I despise rules. Always have. Rules are for accountants and architects, assembly line workers and neurosurgeons. In order to be successful in those professions, there are procedures that must always be followed, variations that must never be employed. The word creative, however, as in the phrase creative writing, demands, at the very least, an imaginative interpretation of the rules.

Thanks to a degree of success over the years, I am asked again and again to lay out a prescription of rules for aspiring writers. This is one request I will not honor. No writer living or dead has discovered a universally foolproof method of churning out successful fiction, and none ever will. How can you discover what does not exist? If success as a writer depended upon nothing but following a list of rules, why are there so many aspiring writers who can’t get published?

The following are some of the so-called rules of writing fiction that I take a special delight in breaking. Creative writing is about possibilities, not about restrictions and limitations.

Never correct or rewrite until the whole thing is down.

In 1962, in a letter to a young writer, John Steinbeck added six tips for writing well. The above was one of those tips. Its error lies again, as all rules do, with its use of the absolute never. I frequently will not, because I cannot, begin a story or novel until I have crafted the perfect first paragraph. Of course there is no such thing as a perfect sentence, but the temporary confidence instilled by thinking that I have crafted one is what allows me to tackle a project that will consume my waking and sleeping hours for the next year or more. Stopping now and then to polish a faulty phrase or image is like taking another hit of confidence.

Five or six hits every morning keep me flying through the hours. But if I cannot fix a weakness within a minute or two, I will not allow my momentum to stall out with fretting and hand-wringing. Placing parentheses around the offending phrase, or highlighting the entire scene, will call my attention to it during the first rewrite.

I do not believe, as some practitioners apparently do, that a morning’s work is like a fast-moving stream through which one must dare not stop paddling, not even for a moment. Go ahead and stop if you want to. Pull ashore. Have lunch. Creep up as close as you can to that egret in the tree. Take a nap if you feel like it. In short, do whatever works for you. The imagination is resilient and flexible, and your routine should be too. But only if that works for you. I am most productive when I adhere, albeit loosely, to the discipline of beginning the morning with a bit of meditation, followed by four to six hours at my desk, followed by a good workout or hike. That’s my routine.
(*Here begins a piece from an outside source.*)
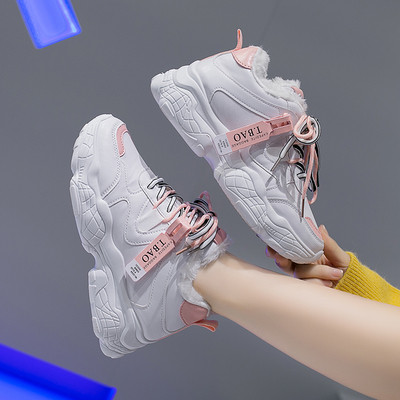 Дамски маратонки с мека подплата и цветни връзки в бял цвят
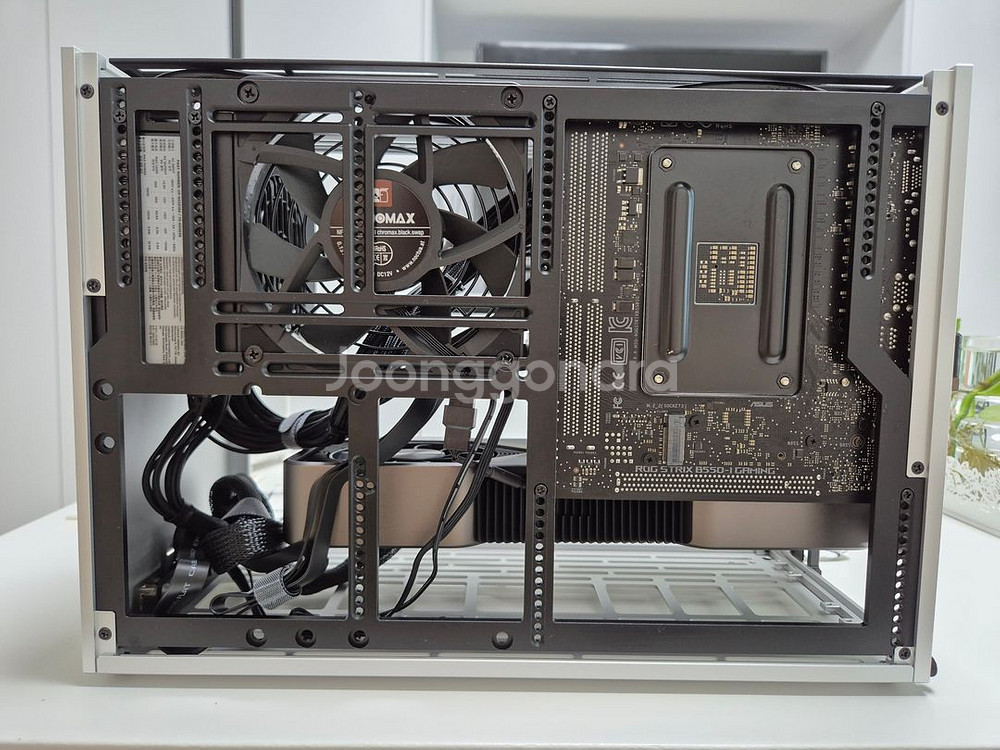 NCASE M2 ( SFF 조립PC )--6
It doesn’t have to be yours.

Write what you know. 

In the days of Thoreau and earlier, when it was necessary to walk several miles to consult with someone more knowledgeable than you, Ernest Hemingway’s write what you know might have been sound advice. Hemingway also said that every writer needs a friend in every profession, someone whose expertise can be accessed—a statement that appears to contradict the earlier statement.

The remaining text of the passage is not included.